After the kiddos go to bed at 7pm, it is all about us. Some nights that means simply catching up over dinner; on the weekend nights, it usually involves TV or movie time as well. We’re not heading to the movie theater anytime soon, so we’re always seeking out good shows and movies to watch together via Netflix and Hulu. Even if it’s just each of us reading our own material, but next to each other, our evenings are that: they are spent together.
It may seem simple, but it’s life-changing when you really make the effort to be together every evening. And yes, we make this a priority almost every single evening.
But evenings aren’t our only source of marriage support. Without date nights, we also focus on any opportunity for one-on-one time. This may come in the form of an early morning cup of coffee or reading before the “Mama’s” begin. Or weekend nap overlaps that give us a little 30-minute reprieve from the chaos. Every little bit counts, and we treasure it. We’re not partaking in deep conversations during each and every one of these tidbits of time together; we’re simply looking at each other instead of our two crazy kiddos. We’re checking in with each other, on how each one of us is doing at that moment. We’re keeping the communication lines open and active.
Date nights aren’t off the docket forever; I do look forward to the days when they make sense again, when our children aren’t so young and demanding, when work schedules may be (hopefully) a bit more forgiving, and when childcare costs don’t dent our wallet as badly. Maybe I’m being too optimistic, but I don’t think so.
For now, we’re OK with saving our dollars and staying in, as long as we’re together.

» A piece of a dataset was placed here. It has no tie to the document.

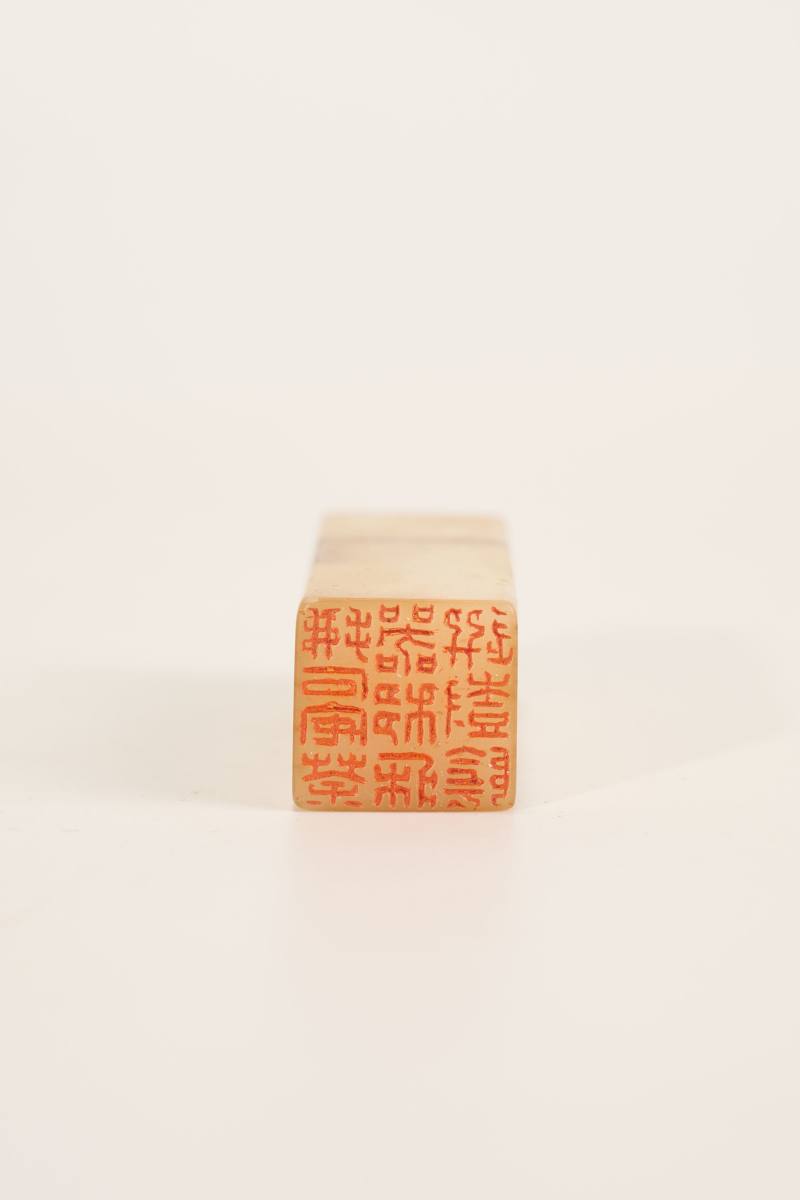 Lot1013 清 寿山“何汝霖”款印章 - 图4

I’m fully aware that evenings at home are not the same experience as a date night, where we would be able to be without a baby monitor, fully in each other’s element instead of also folding a load of laundry and wiping down the kitchen counters as we converse. But for right now, in this season of life, we’re OK with all this. We like our evenings together as they are, and we look forward to them every single day. It’s simple and reassuring, and it fits us.